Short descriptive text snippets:

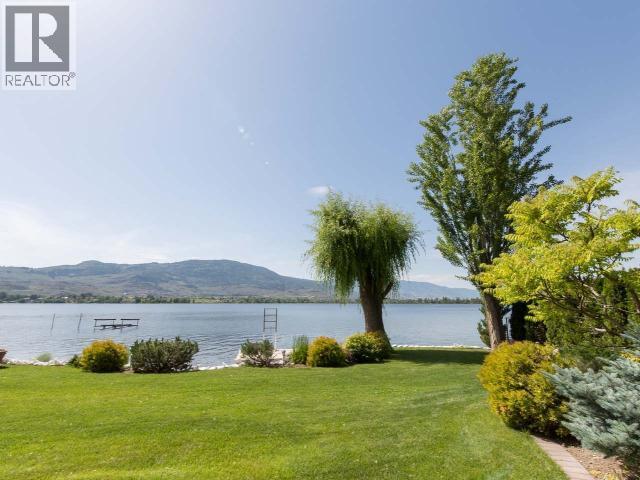 2418 LAKESHORE Drive Unit# 302, Osoyoos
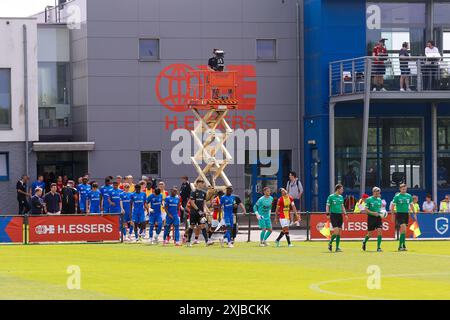 Genk, Belgien. Juli 2024. GENK, H. Essers Talent Park, 17.07.2024, Staffel 2024/2025, Freundschaftsspiel. Während des Spiels KRC Genk - Go Ahead Eagles (freundlich), Endergebnis 1:2, Spieler geben das Feld ein Credit: Pro Shots/Alamy Live News Stockfoto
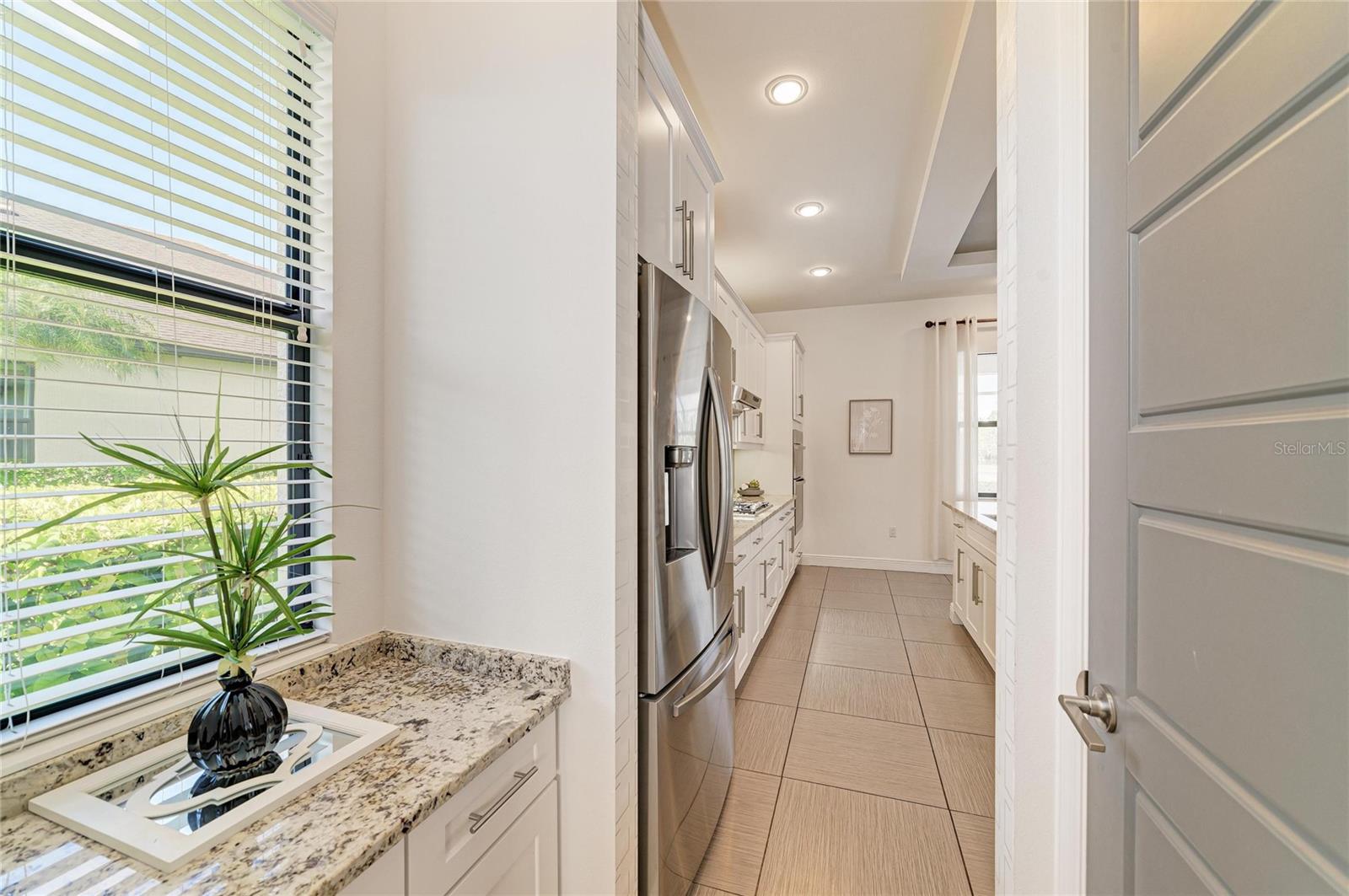 Image 15 of 94 For 826 Honeyflower Loop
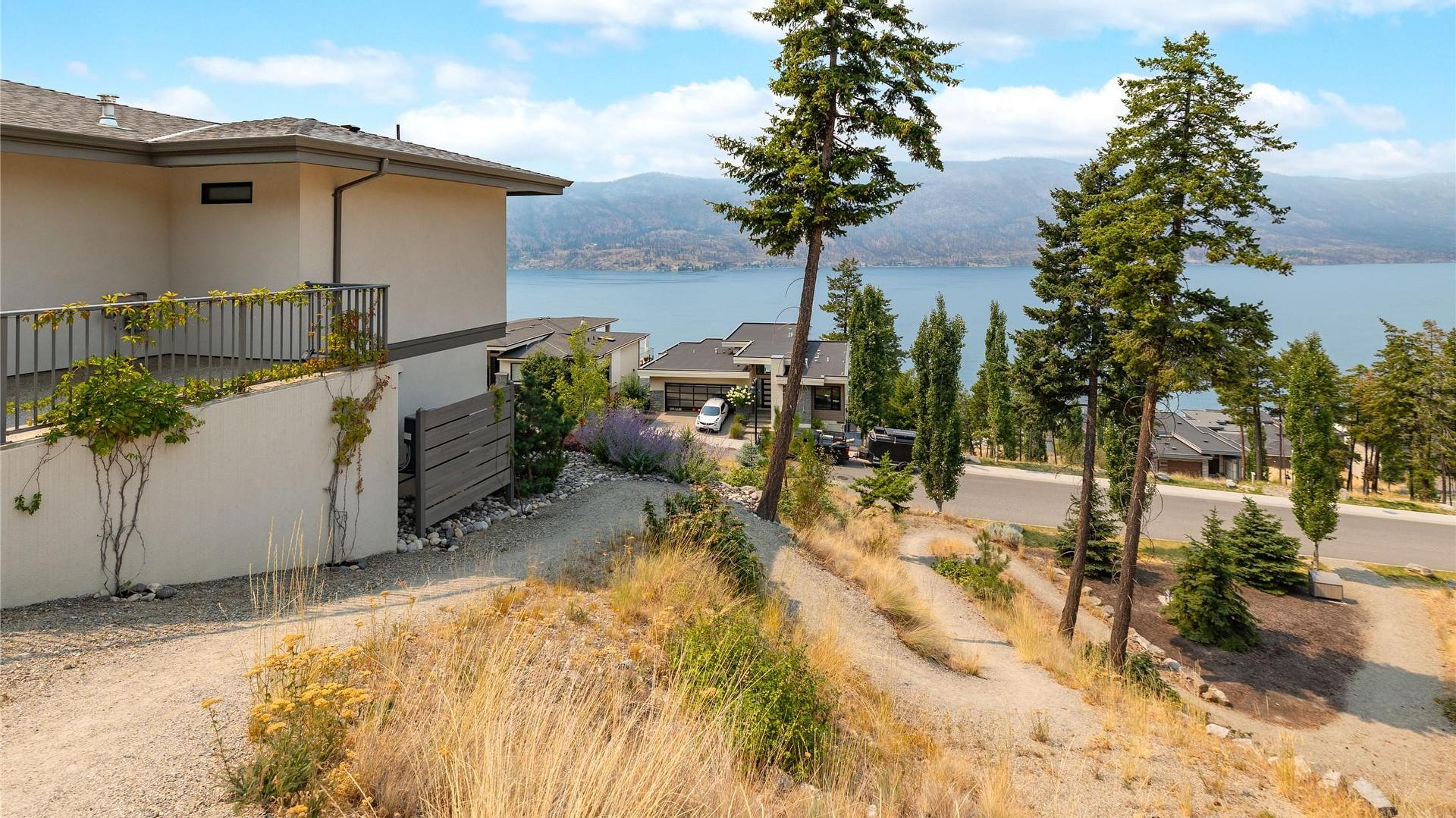 









3320


Acacia

Lane,
Kelowna,




BC
V1V 3G1

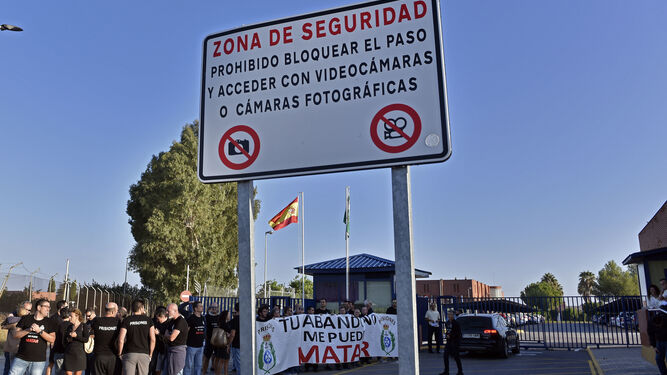 Una protesta de funcionarios de prisiones en Sevilla-I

ASSIGNED TASK: Make a verbatim copy of all the entries and strip out the pictures.

TASK SOLUTION:
 2418 LAKESHORE Drive Unit# 302, Osoyoos
 Genk, Belgien. Juli 2024. GENK, H. Essers Talent Park, 17.07.2024, Staffel 2024/2025, Freundschaftsspiel. Während des Spiels KRC Genk - Go Ahead Eagles (freundlich), Endergebnis 1:2, Spieler geben das Feld ein Credit: Pro Shots/Alamy Live News Stockfoto
 Image 15 of 94 For 826 Honeyflower Loop









3320


Acacia

Lane,
Kelowna,




BC
V1V 3G1

 Una protesta de funcionarios de prisiones en Sevilla-I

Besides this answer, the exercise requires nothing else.